====== Records shown ======

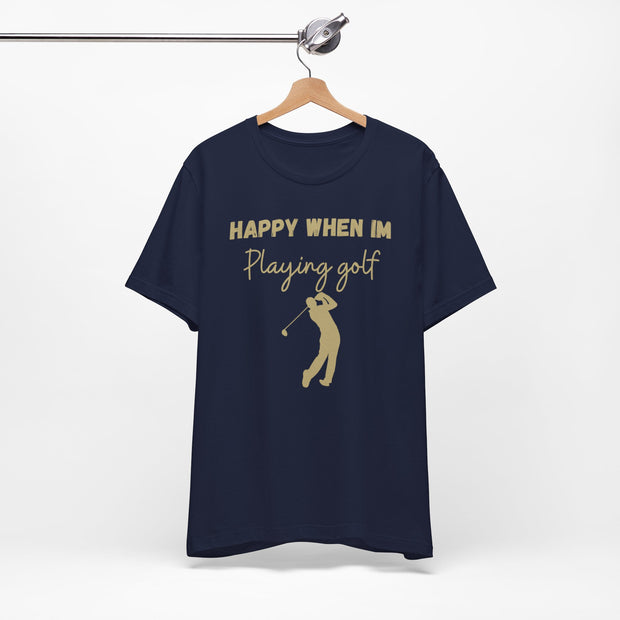 Mens Golf Crewneck t shirt, Golf gift for men, Golf slogan TShirt, Golf swing graphic shirt, Giolf Driving range practice tee for him,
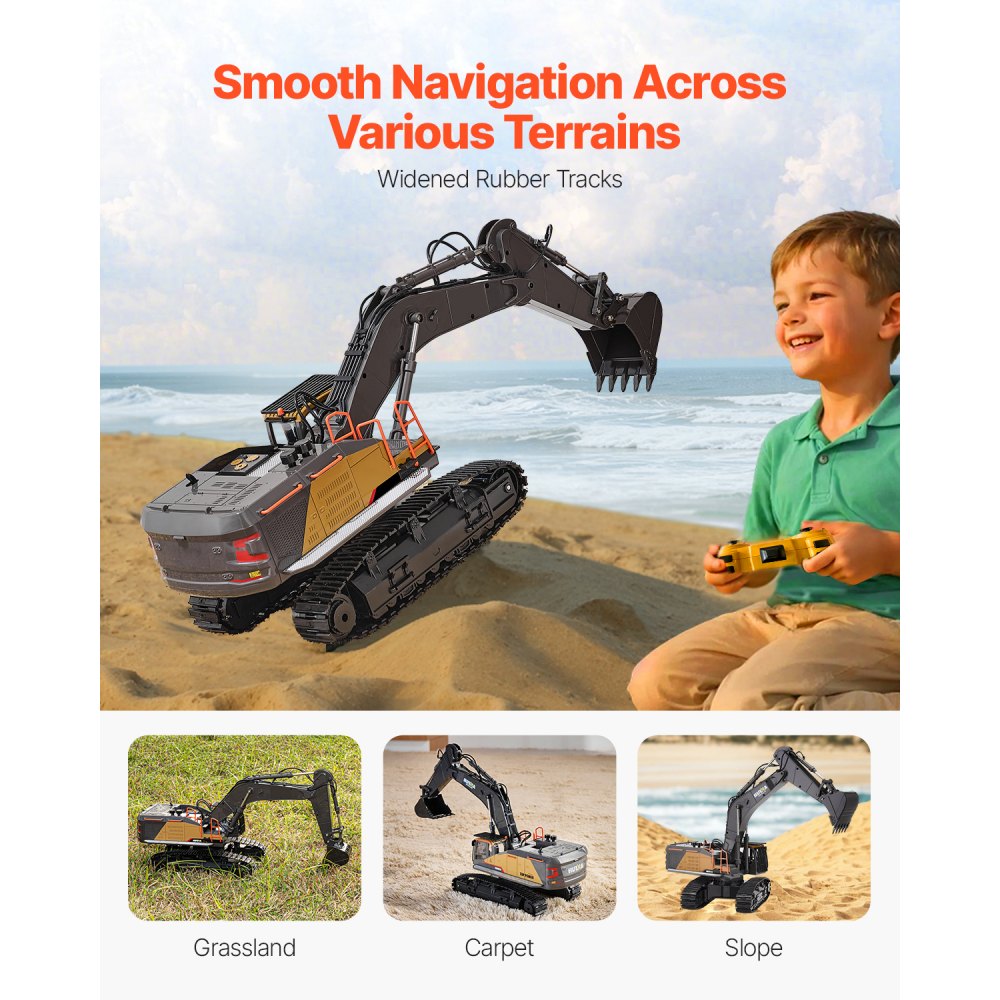 03167 Professional RC Excavator Model Scale 1:14 w detail photo 5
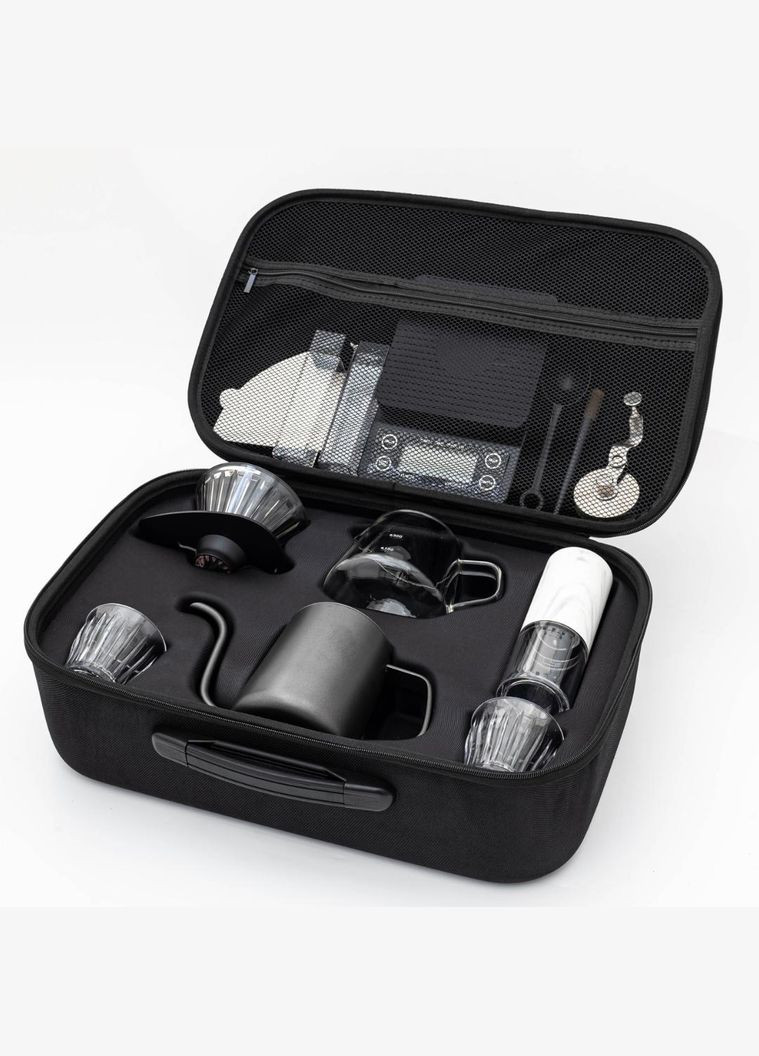 Подарочный дорожный набор для приготовления фильтр – кофе/заварник чайник кофемолка чашка фильтр пакеты веса Tomas (333337273)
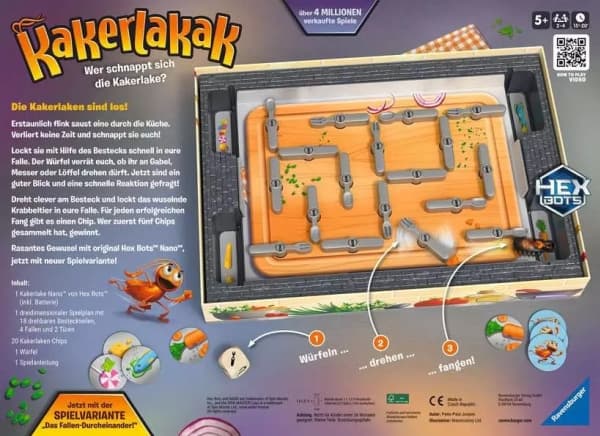 Ravensburger 20800, Brettspill, 5 år, 15 min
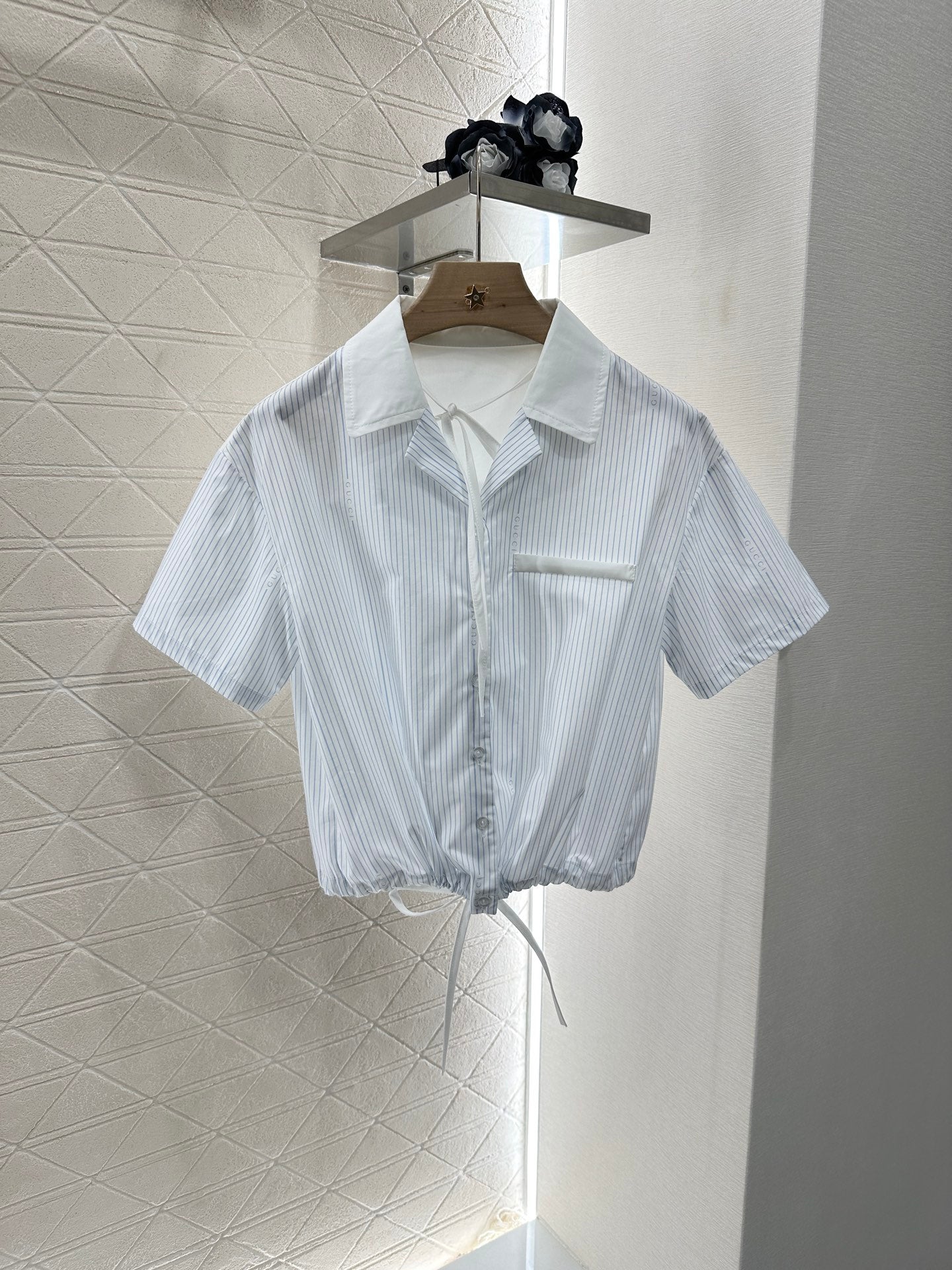 G 25 Striped short-sleeved shirt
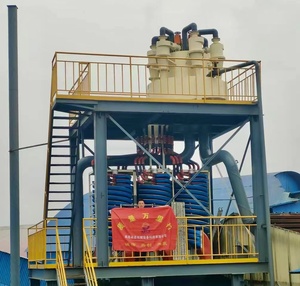 Khai Thác Mỏ Làm Giàu Nhà Máy Xoắn Ốc Tách Dọc Ba Chiều Vít Sluices Cho Quặng Thạch Anh Beneficiation Khoáng Sản Tách - Product Image 3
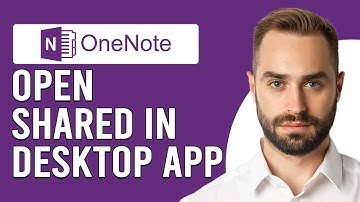 How To Open Shared OneNote In Desktop App (How To Acces Shared OneNote In Desktop App)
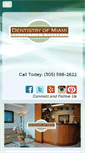 Mobile Screenshot of dentistryofmiami.com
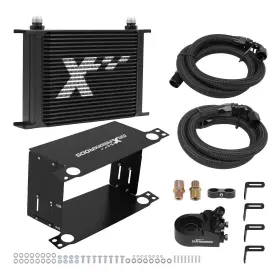7j3nb9 Maxpeedingrods Universal 25 Row Aluminum Oil Cooler 10an Transmission Engine Thermostatic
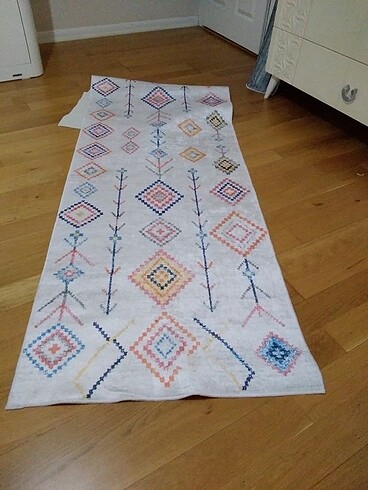 Kilim Desenli Kaydırmaz Yolluk (80x250)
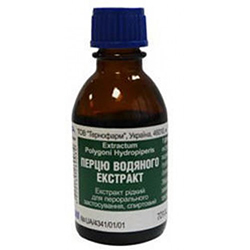 ПЕРЦА ВОДЯНОГО ЭКСТРАКТ / PERTSA VODYANOGO EKSTRAKT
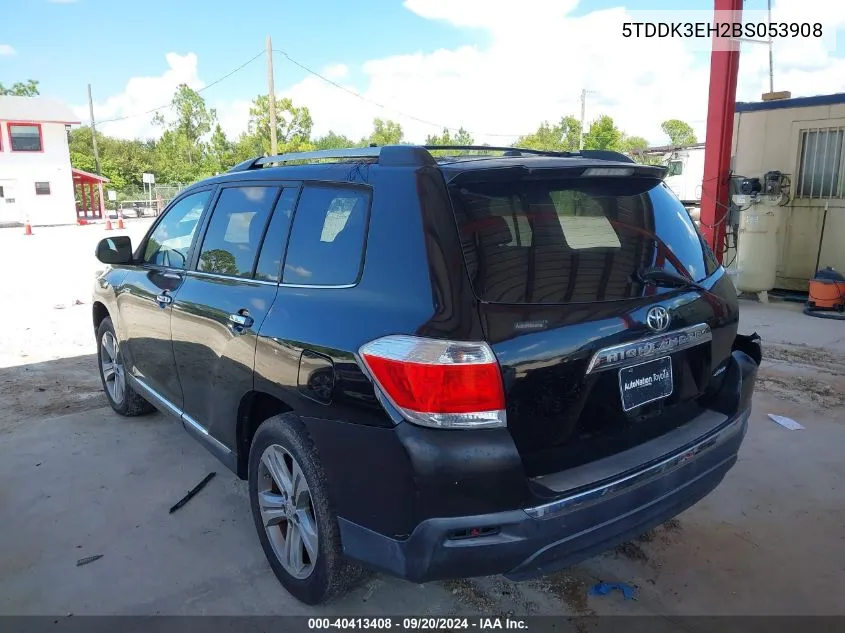 2011 Toyota Highlander Limited V6 VIN: 5TDDK3EH2BS053908 Lot: 40413408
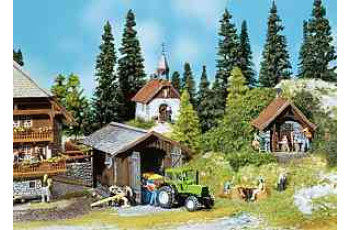 Faller Bakehouse, chapel, utility shed HO
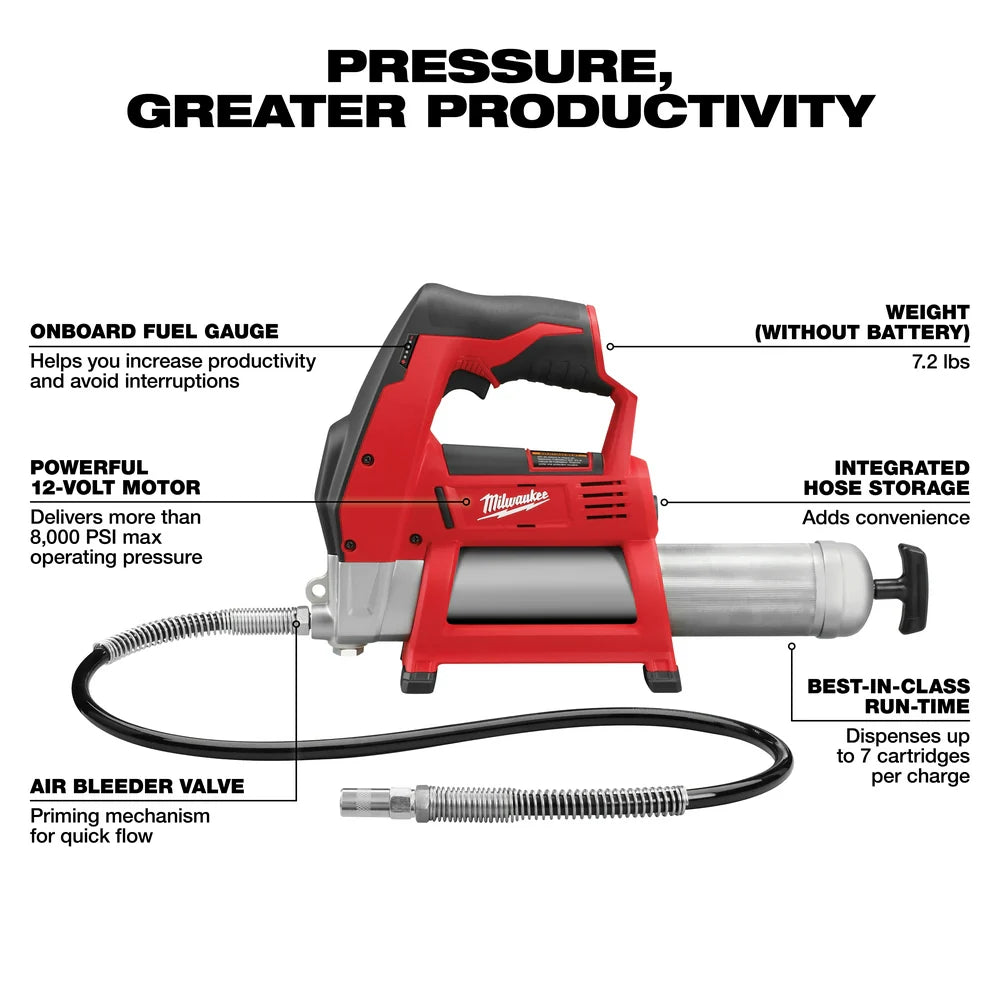 M12 Cordless LITHIUM-ION Grease Gun TOOL ONLY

======

Output the line that contains "2011 Toyota Highlander" and every subsequent line through the end of the entries, exactly as given, without pictures.

Task answer>
 2011 Toyota Highlander Limited V6 VIN: 5TDDK3EH2BS053908 Lot: 40413408
 Faller Bakehouse, chapel, utility shed HO
 M12 Cordless LITHIUM-ION Grease Gun TOOL ONLY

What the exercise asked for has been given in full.